Task directions: Extract only the lines from the start of the entries below to the line with "Joomla 1.5 comes", inclusive; omit every picture.

[Data — start]

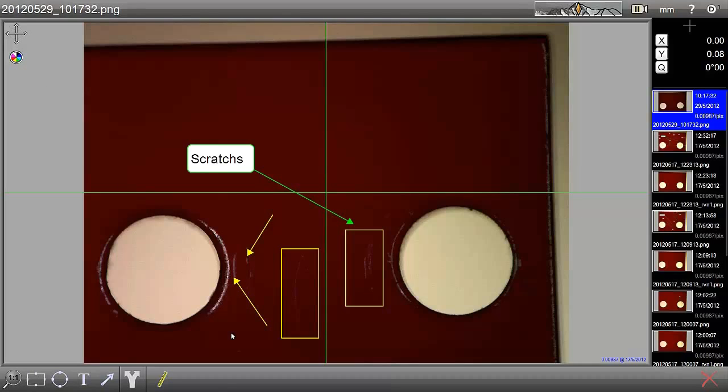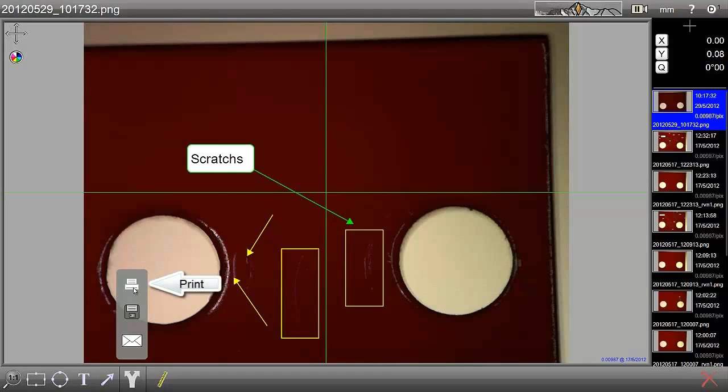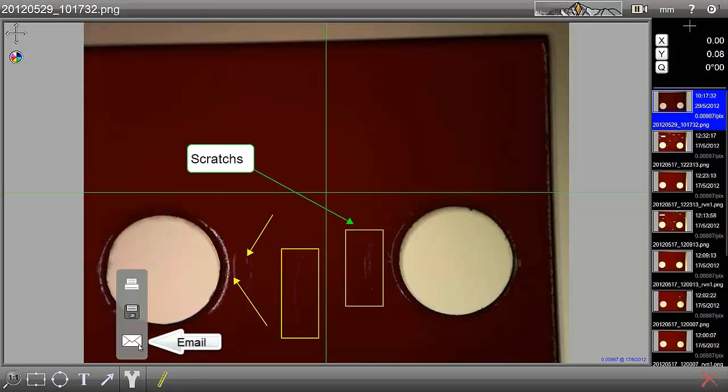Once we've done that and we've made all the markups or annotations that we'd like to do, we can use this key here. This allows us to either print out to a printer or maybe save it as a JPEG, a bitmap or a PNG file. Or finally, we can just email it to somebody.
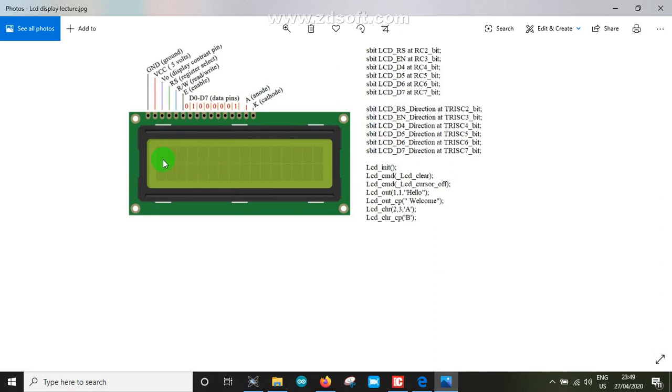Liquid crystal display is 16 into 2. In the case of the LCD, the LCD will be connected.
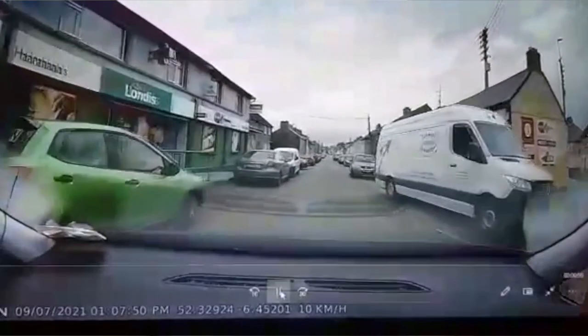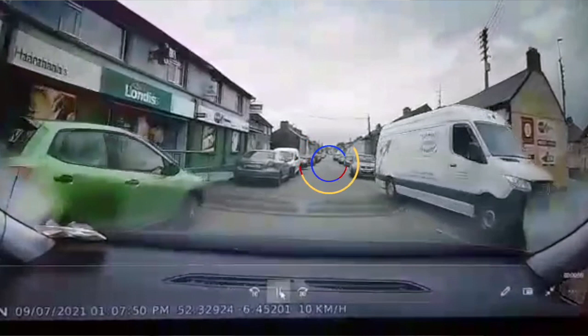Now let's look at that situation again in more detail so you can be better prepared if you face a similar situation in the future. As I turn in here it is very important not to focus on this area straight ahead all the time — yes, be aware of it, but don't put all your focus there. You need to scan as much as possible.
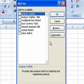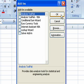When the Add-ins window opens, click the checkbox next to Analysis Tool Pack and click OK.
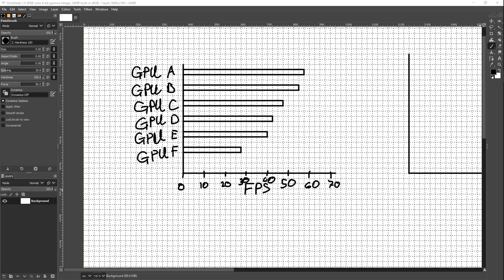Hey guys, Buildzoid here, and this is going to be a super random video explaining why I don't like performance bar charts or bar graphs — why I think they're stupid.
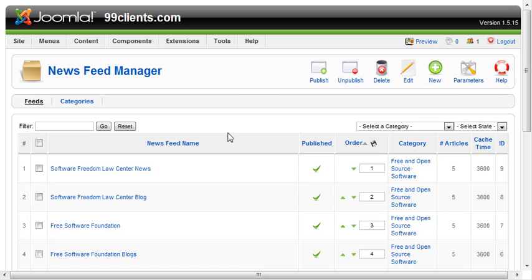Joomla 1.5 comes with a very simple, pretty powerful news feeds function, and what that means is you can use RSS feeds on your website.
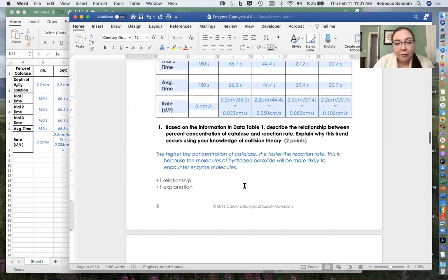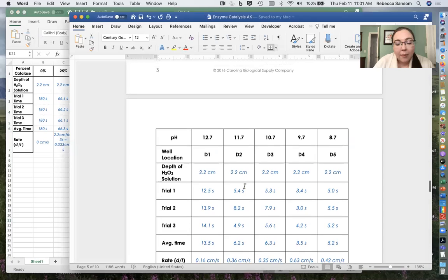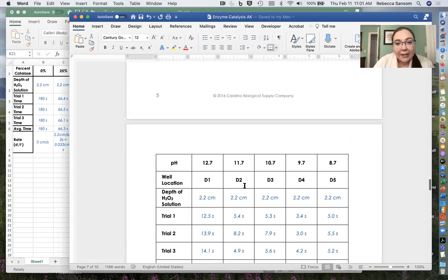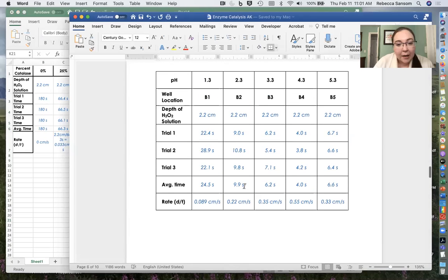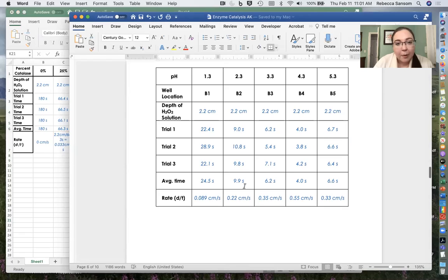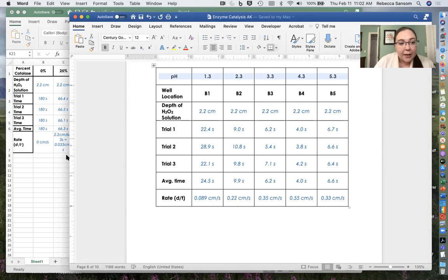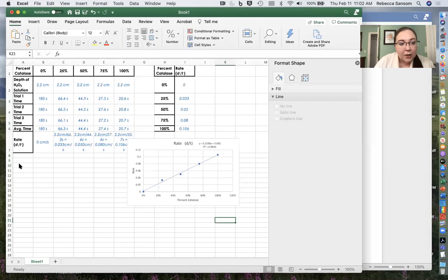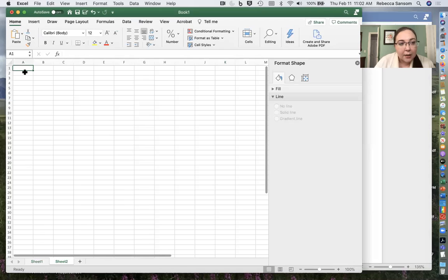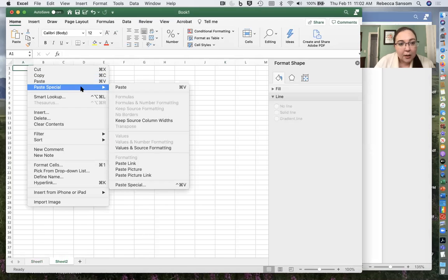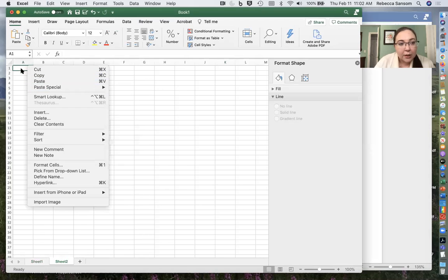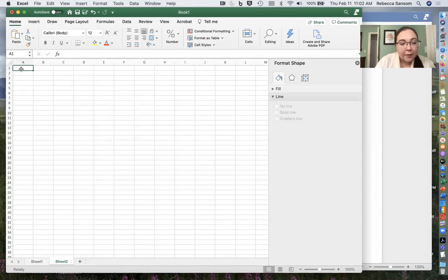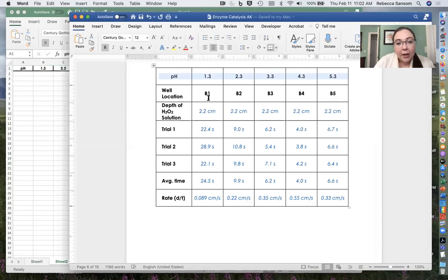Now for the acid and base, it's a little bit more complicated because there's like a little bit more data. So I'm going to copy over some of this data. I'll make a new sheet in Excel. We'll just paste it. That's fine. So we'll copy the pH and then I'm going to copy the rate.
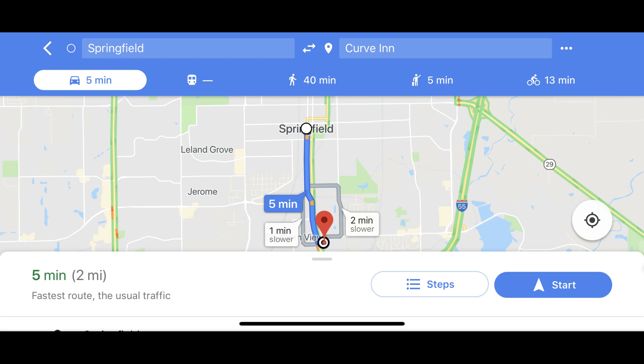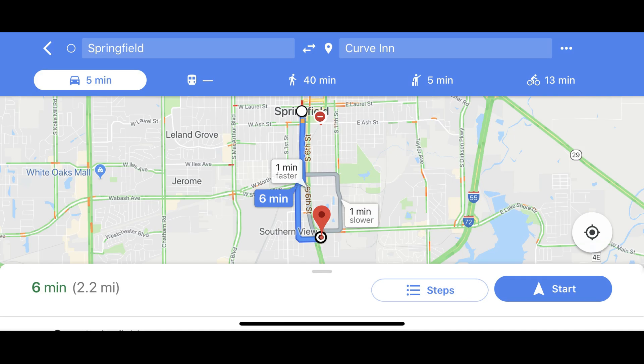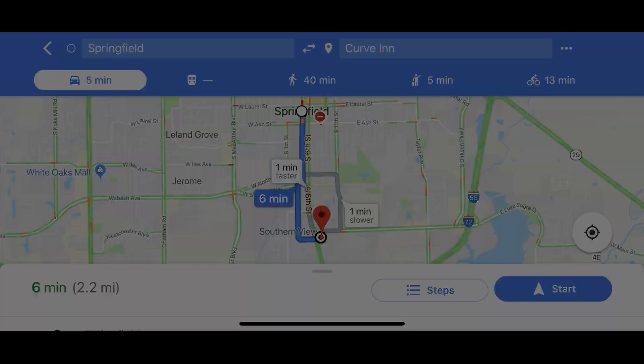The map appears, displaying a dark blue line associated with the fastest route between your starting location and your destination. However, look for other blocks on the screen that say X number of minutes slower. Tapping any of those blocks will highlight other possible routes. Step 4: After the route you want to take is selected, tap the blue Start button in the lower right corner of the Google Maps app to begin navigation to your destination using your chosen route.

[Data — finish]

Output of the task:
Once we've done that and we've made all the markups or annotations that we'd like to do, we can use this key here. This allows us to either print out to a printer or maybe save it as a JPEG, a bitmap or a PNG file. Or finally, we can just email it to somebody.
Liquid crystal display is 16 into 2. In the case of the LCD, the LCD will be connected.
Now let's look at that situation again in more detail so you can be better prepared if you face a similar situation in the future. As I turn in here it is very important not to focus on this area straight ahead all the time — yes, be aware of it, but don't put all your focus there. You need to scan as much as possible.
When the Add-ins window opens, click the checkbox next to Analysis Tool Pack and click OK.
Hey guys, Buildzoid here, and this is going to be a super random video explaining why I don't like performance bar charts or bar graphs — why I think they're stupid.
Joomla 1.5 comes with a very simple, pretty powerful news feeds function, and what that means is you can use RSS feeds on your website.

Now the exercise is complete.